The described solution delivers a set of tools that have a potential diverse audience. We foresee three main areas of impact: Scientific, Usability, Operational.
Because of the wide and distributed scale of the resources, the “grid” often becomes a black box to users, due to the fact that: a) jobs may get scheduled arbitrary on distributed resources, b) logs files will be generated on the remote nodes selected by the scheduler, c) the user may lose access to the remote nodes where those files reside, and d) the logs may get cleaned without prior notification. In addition, the increased volume of data, resources, methods and collaborators in the domain of e-Science, it becomes more and more difficult to perform repeatable, scalable, and traceable experiments.
The Distributed information is now collected in a structured way that can be queried for various goals like experiment results, operational statistics, tracing error, customized reporting, etc. By tracing the whole history of the resources up to the current state, it is possible to confirm or provide evidence of the scientific work done.
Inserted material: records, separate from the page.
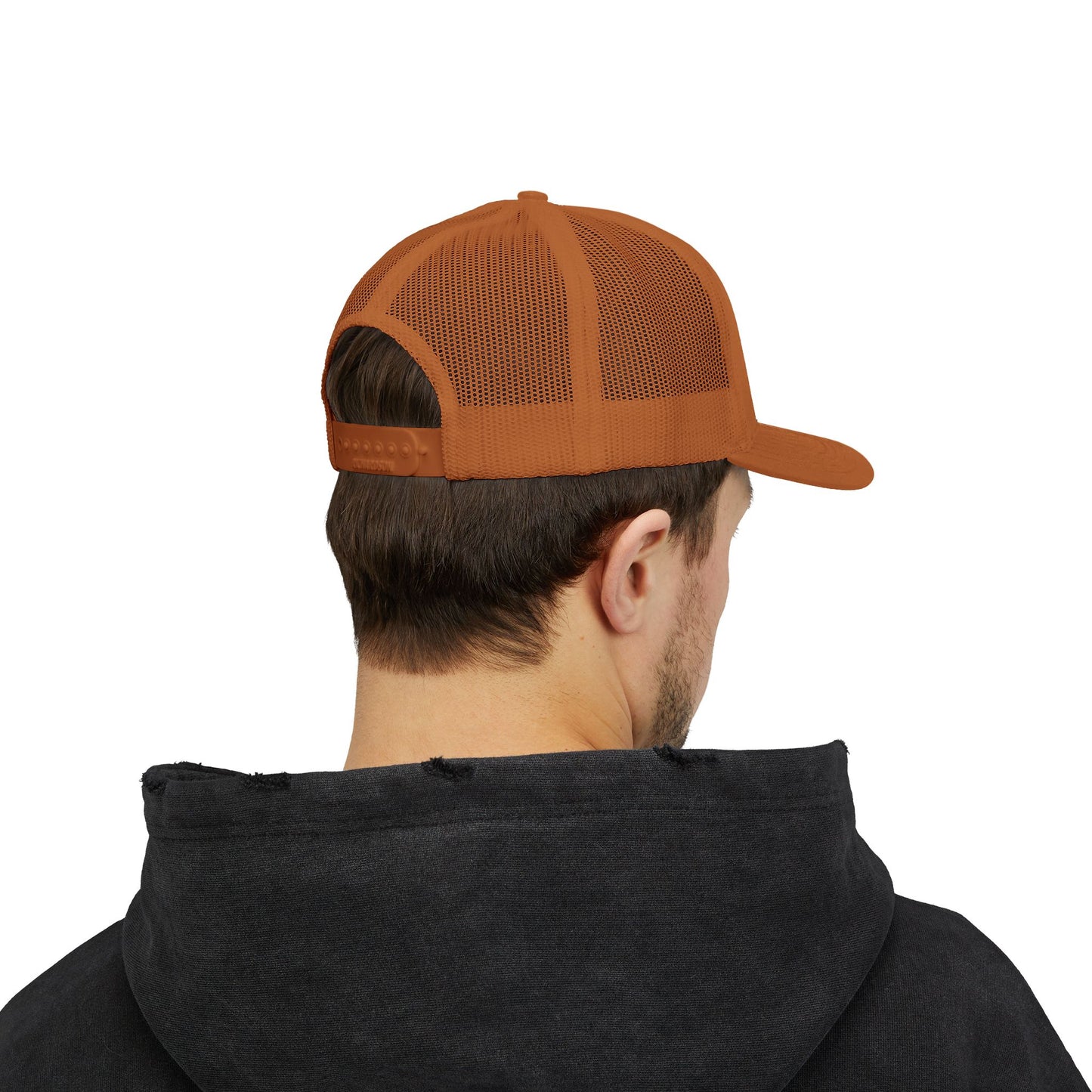The Plant House 208 Snapback Trucker Cap, Supportive Gift, Mental Health Awareness Hat, Casual Style, Positive Vibes, Recovery Journey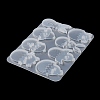 Chick Easter Theme DIY Pendant Silicone Molds DIY-G103-01C-5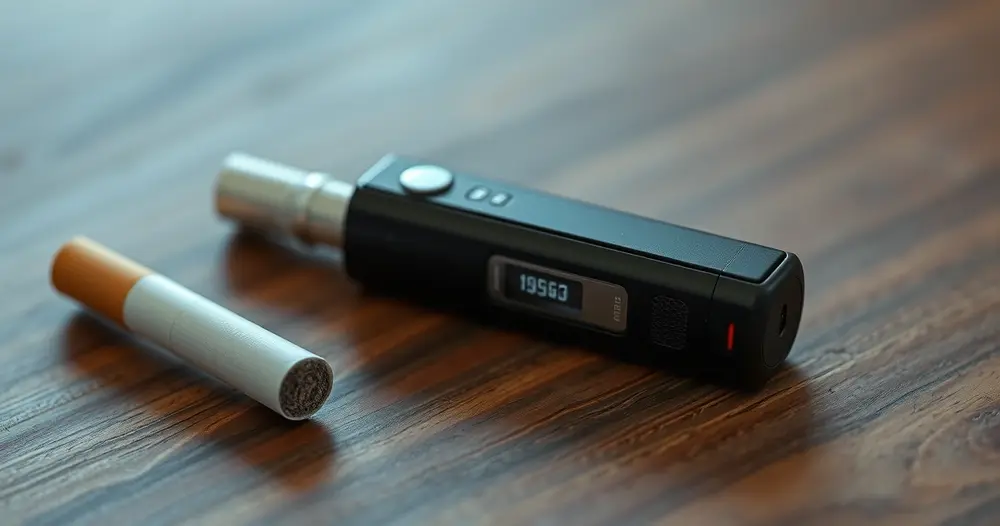 Vape entre jovens acende alerta sobre dependência de nicotina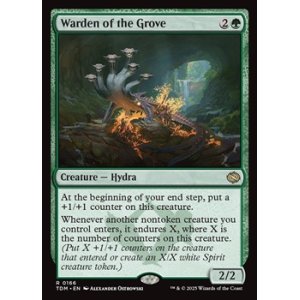 画像: 【英語】木立の守部/Warden of the Grove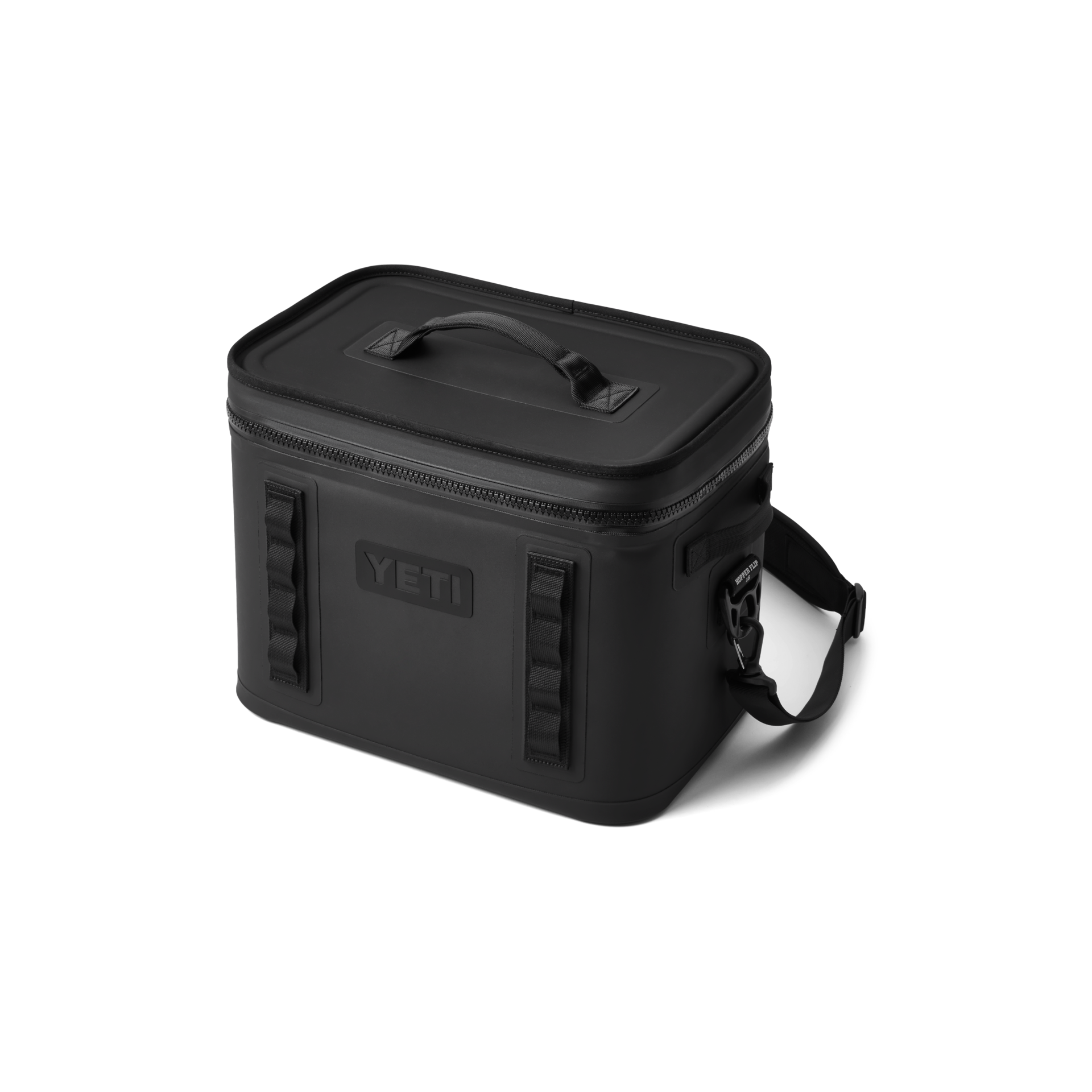 18 Soft Cooler, Black, large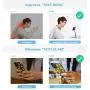Lookstand Steel Adjustable Cell Phone Stand Compatible with iPhone & Android - Cell Phone Holder for Bed | iPhone Holder for Desk | iPhone Stand for Video | Desk Phone Stand for Recording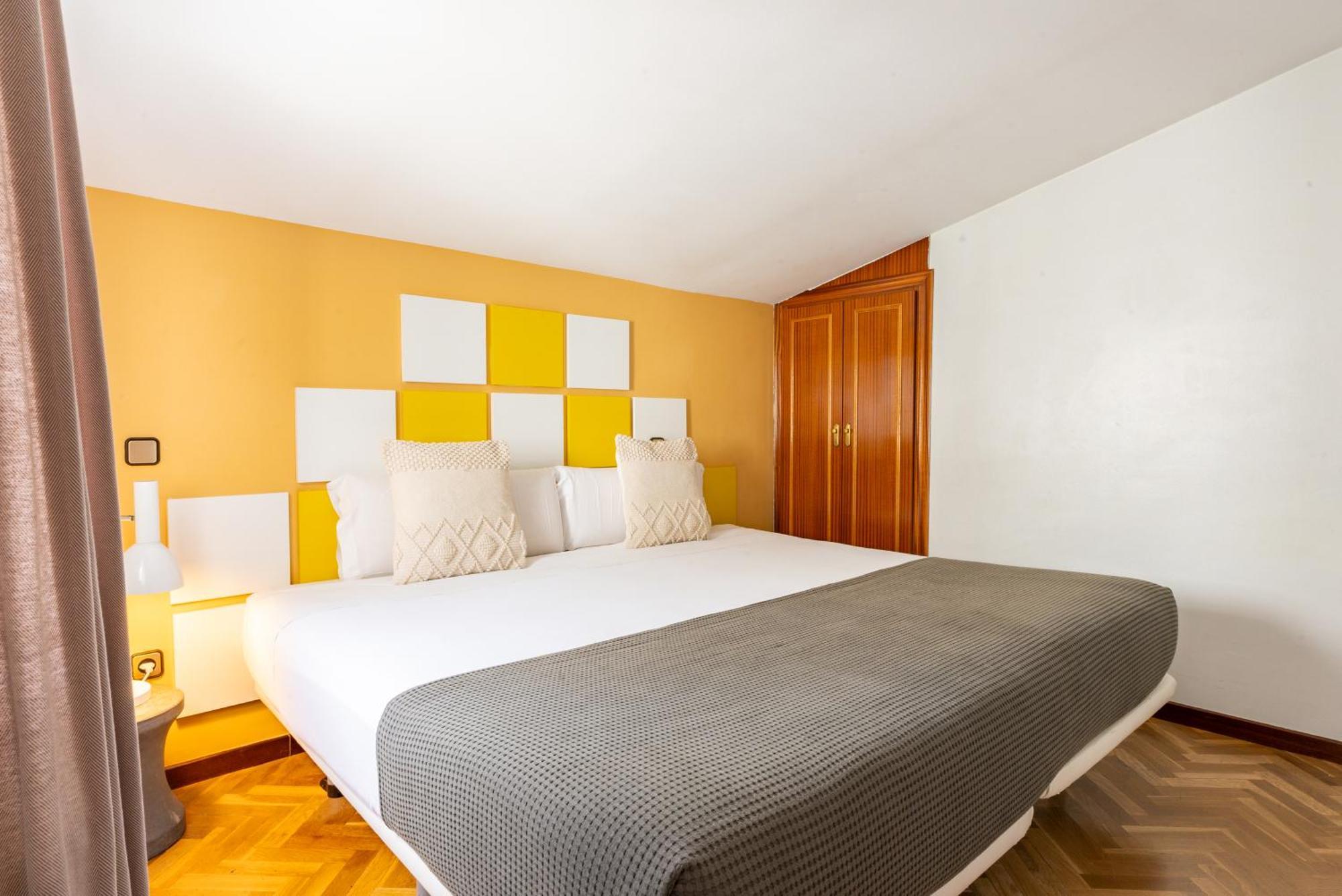 الشقق الفندقية Smartr Madrid Chueca المظهر الخارجي الصورة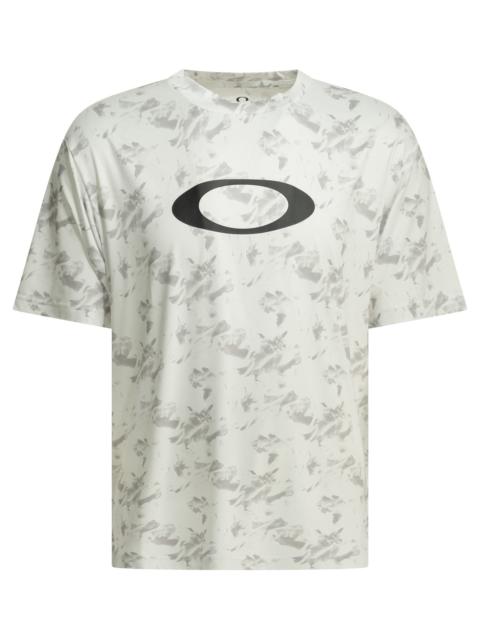 OAKLEY Oakley Enhance Qdevo Ss Tee Graphic 5.0 Crew-neck T-shirt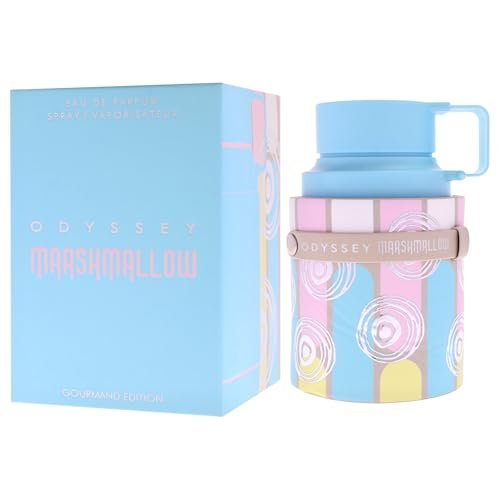 Odyssey - Marshmallow Gourmand Edition by Armaf for Women - 3.4 oz EDP Spray Avelisse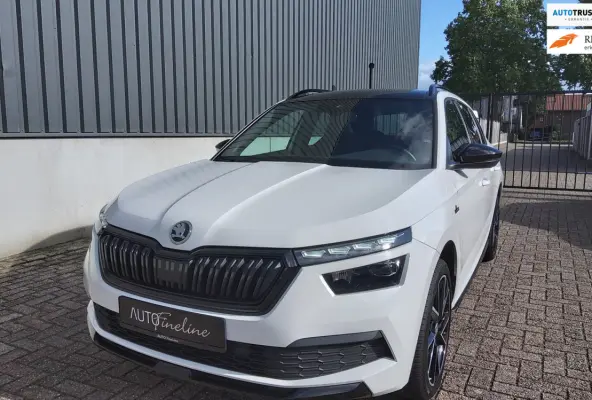 1.0 TSI Monte Carlo|7-DSG|Panoo-CarPlay|NIEUW!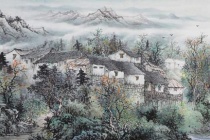 杜牧《江南春》:多少楼台烟雨中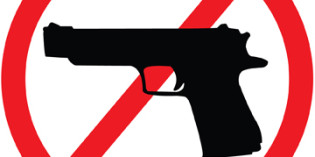 NFL to cops: NO GUNS!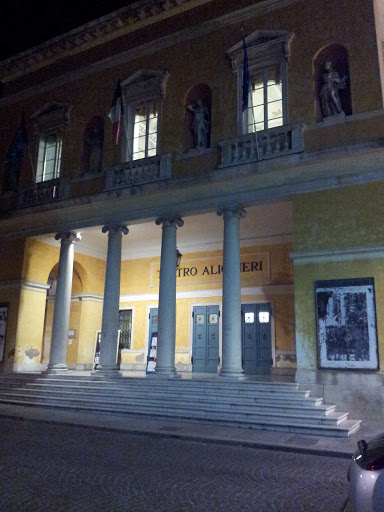 Ravenna - Teatro Alighieri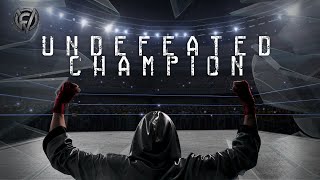 FIFTY VINC - UNDEFEATED CHAMPION (HARD EPIC WORKOUT UNDERGROUND HIP HOP RAP BEAT) Resimi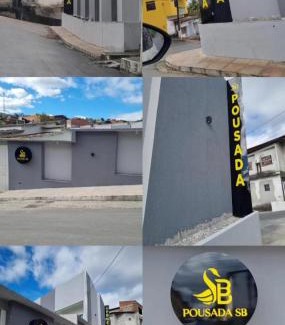 Campo Formoso Hotel | Pousada SB
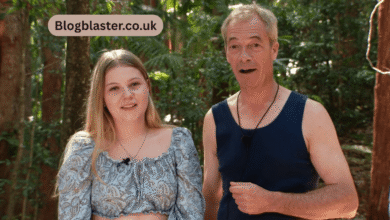 isabelle farage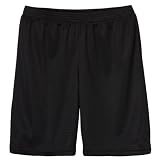 Search : Girls' C9 by Champion® Long Mesh Shorts - Ebony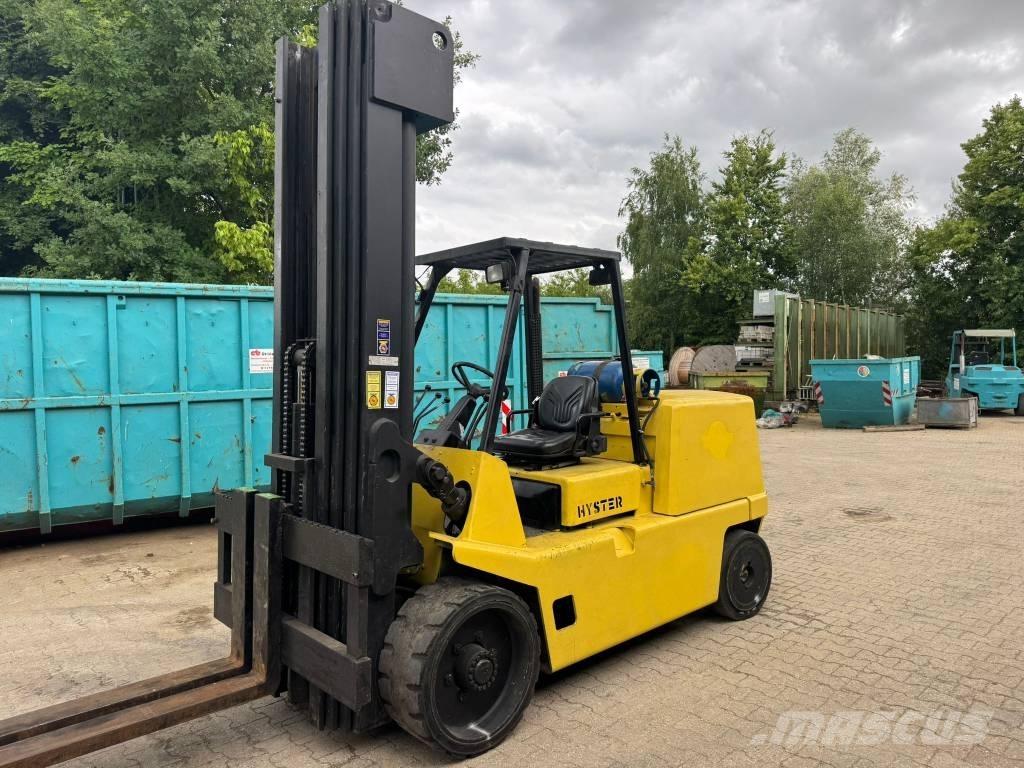 Hyster S 180 XL/2 Stivuitor GPL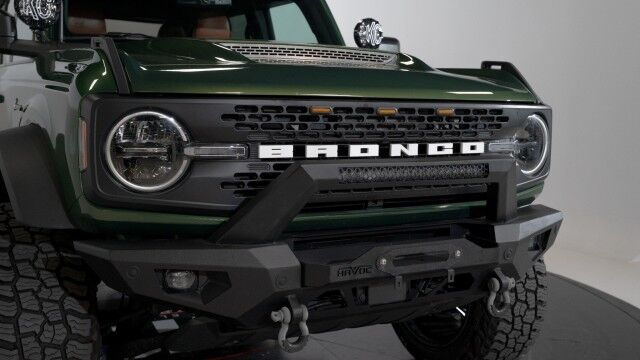 2022 Ford Bronco BIG BEND , CUSTOM 3 INCH LIFT AND SUSPENSION , FUEL WHEELS MICK Franklin TN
Analysis and comparative mechanisms, scientific opinions or interpretations, and the results of various kinds of examinations may provide further ways to improve (or debug) the actual scientific experiment (workflow).
Lastly, we think that the insight that our solution provides in all the data and resources , will present a important added value to the operational aspects of running a science gateway. These benefits vary from data retention strategies, assistance for workflow debugging, and producing all kinds of usage statistics.
Information management is challenging in Science due to the variety of data produced by the physical instruments and the amount of information generated daily by scientists. In addition to supporting the experiment execution, it is currently crucial for the scientific applications to trail their mechanisms of performing experiments, so that it is possible to trace back the resulting scientific data.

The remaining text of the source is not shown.